I have two matrices p (500x10000) and h (500x256) and I need to calculate the correlation in Python.
In Matlab, I used the corr() function without any problem : myCorrelation = corr( p, h );
In numpy, I tried np.corrcoef( p, h )
:
File "/usr/local/lib/python2.7/site-packages/numpy/core/shape_base.py", line 234, in vstack
return _nx.concatenate([atleast_2d(_m) for _m in tup], 0)
ValueError: all the input array dimensions except for the concatenation axis must match exactly
and I also tried np.correlate( p, h )
:
File "/usr/local/lib/python2.7/site-packages/numpy/core/numeric.py", line 975, in correlate
return multiarray.correlate2(a, v, mode)
ValueError: object too deep for desired array
Input :
pw.shape = (500, 10000)
hW.shape = (500, 256)
First, I have tried this :
myCorrelationMatrix, _ = scipy.stats.pearsonr( pw, hW )
Result :
myCorrelationMatrix, _ = scipy.stats.pearsonr( pw, hW )

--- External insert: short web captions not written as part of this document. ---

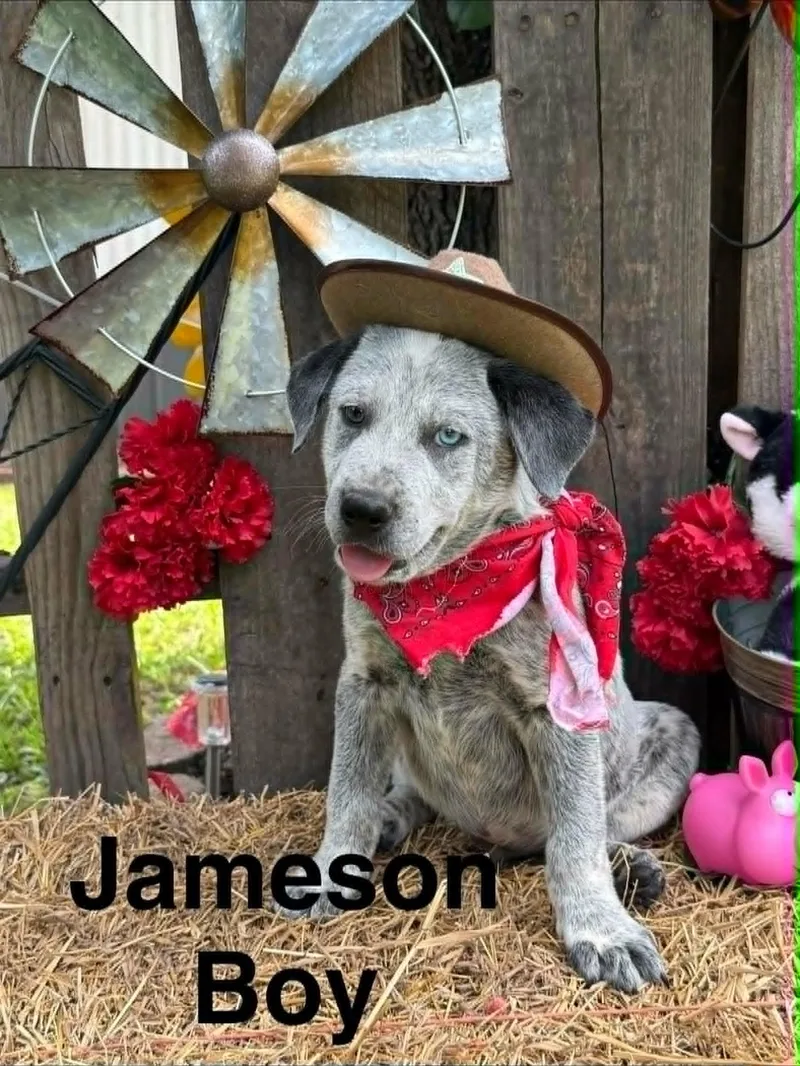 Jameson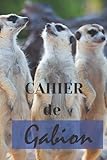  CAHIER DE GABION-HUTTE-TONNE: Carnet de bord du Huttier  livre de chasse à la tonne Cahier de bord du Gabion Carnet d\'observations et de prélèvement chasse migrateurs,élément indispensable du Huttie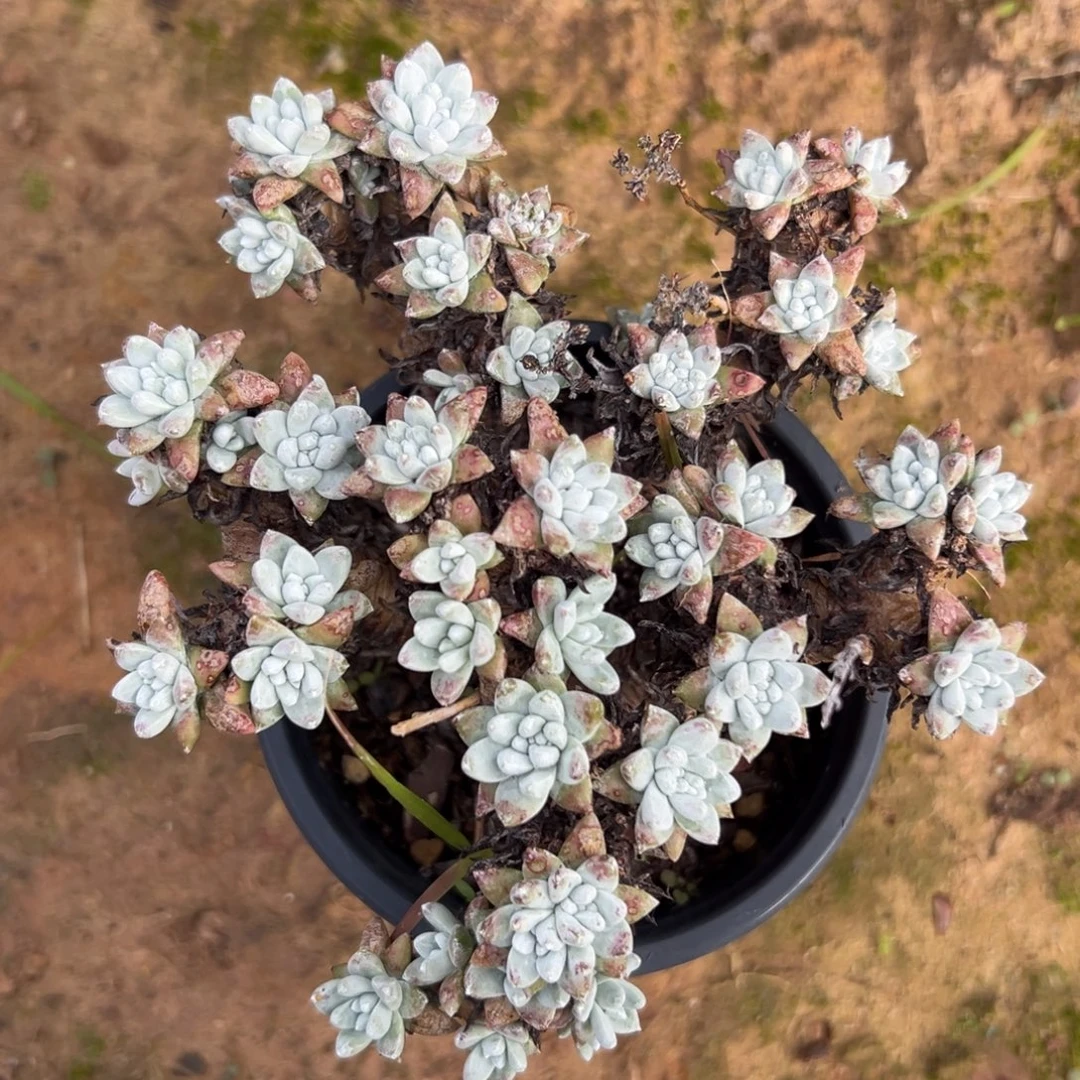 格诺玛白菊～一物一拍631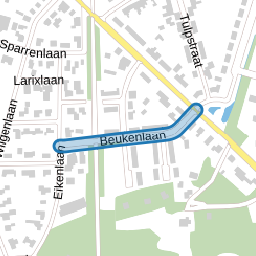 Beukenlaan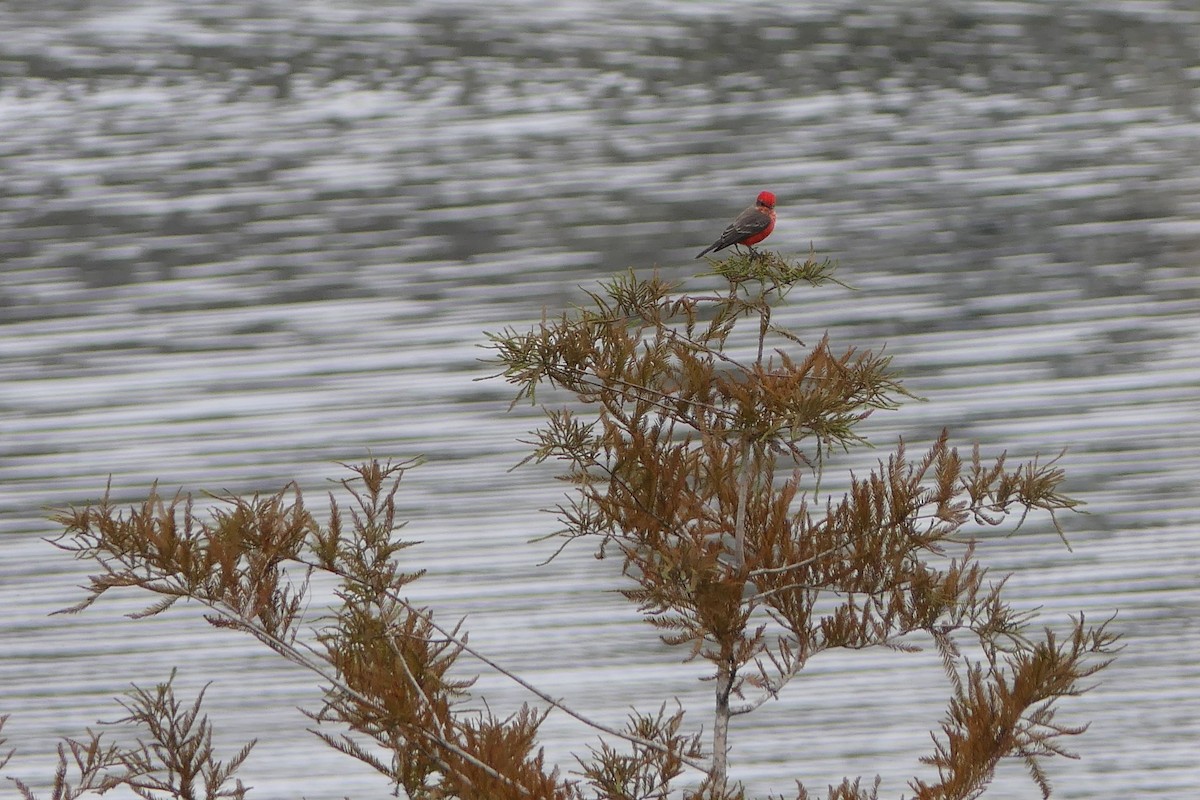 Vermilion Flycatcher - Mark Brazzil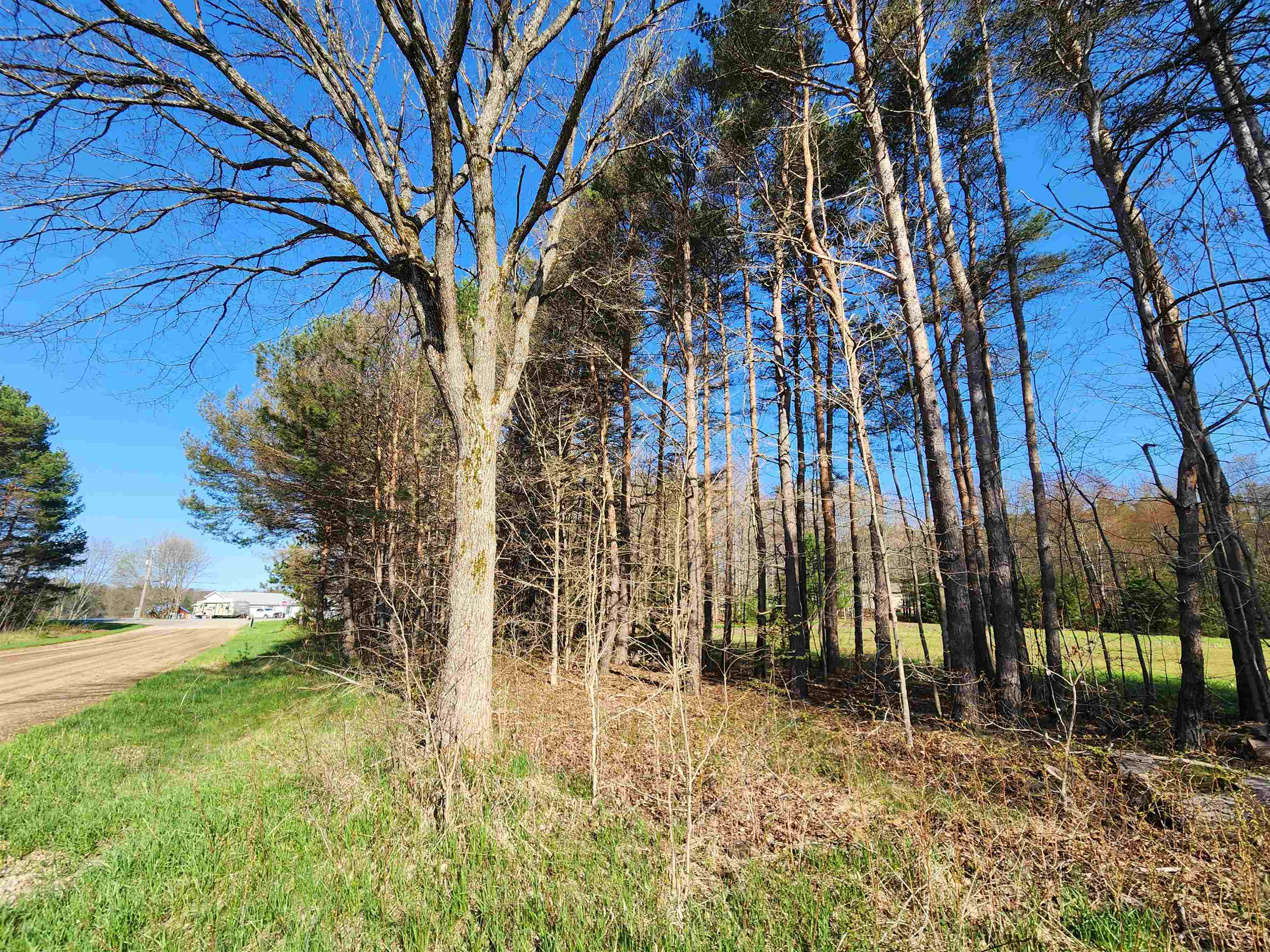 Vl East 30 Road Cadillac, MI 49601 - Photo 2 of 6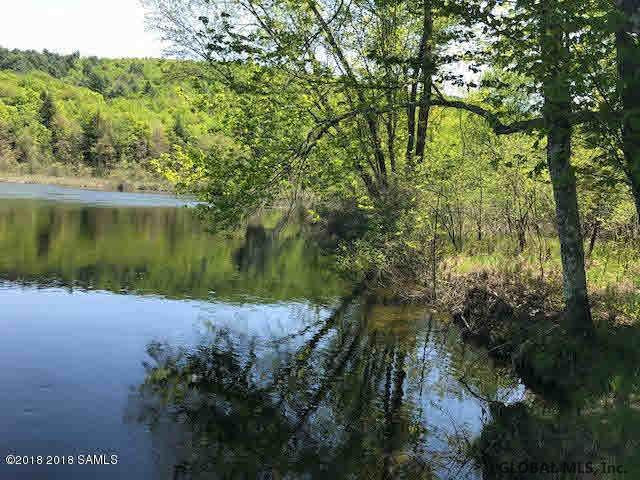 0 Valley Farm Road Pottersville, NY 12860 - Photo 6 of 9 Photo 6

File "/usr/local/lib/python2.7/site-packages/scipy/stats/stats.py", line 3019, in pearsonr
r_num = np.add.reduce(xm * ym)
ValueError: operands could not be broadcast together with shapes (500,10000) (500,256)
and tried this :
myCorrelationMatrix = corr2_coeff( pw, hW )
where corr2_coeff
according to 1 is :
def corr2_coeff(A,B) :
# Rowwise mean of input arrays & subtract from input arrays themeselves
A_mA = A - A.mean(1)[:,None]
B_mB = B - B.mean(1)[:,None]
# Sum of squares across rows
ssA = (A_mA**2).sum(1);
ssB = (B_mB**2).sum(1);
# Finally get corr coeff
return np.dot(A_mA,B_mB.T)/np.sqrt(np.dot(ssA[:,None],ssB[None]))
the result is this :
myCorrelationMatrix, _ = corr2_coeff( powerTraces, hW )
File "./myScript.py", line 175, in corr2_coeff
return np.dot(A_mA,B_mB.T)/np.sqrt(np.dot(ssA[:,None],ssB[None]))
ValueError: shapes (500,10000) and (256,500) not aligned: 10000 (dim 1) != 256 (dim 0)
and finally tried this :
myCorrelationMatrix = corr_coeff( pw, hW )
where corr_coeff
according to 2 is :
def corr_coeff(A,B) :
# Get number of rows in either A or B
N = B.shape[0]
# Store columnw-wise in A and B, as they would be used at few places
sA = A.sum(0)
sB = B.sum(0)
# Basically there are four parts in the formula. We would compute them one-by-one
p1 = N*np.einsum('ij,ik->kj',A,B)
p2 = sA*sB[:,None]
p3 = N*((B**2).sum(0)) - (sB**2)
p4 = N*((A**2).sum(0)) - (sA**2)
# Finally compute Pearson Correlation Coefficient as 2D array
pcorr = ((p1 - p2)/np.sqrt(p4*p3[:,None]))
# Get the element corresponding to absolute argmax along the columns
# out = pcorr[np.nanargmax(np.abs(pcorr),axis=0),np.arange(pcorr.shape[1])]
return pcorr
and the result is :
RuntimeWarning: invalid value encountered in sqrt
pcorr = ((p1 - p2)/np.sqrt(p4*p3[:,None]))
RuntimeWarning: invalid value encountered in divide
pcorr = ((p1 - p2)/np.sqrt(p4*p3[:,None]))
Update
This is not a duplicate, I've tried both methods you gave on Computing the correlation coefficient between two multi-dimensional arrays and Efficient pairwise correlation for two matrices of features and none of them worked.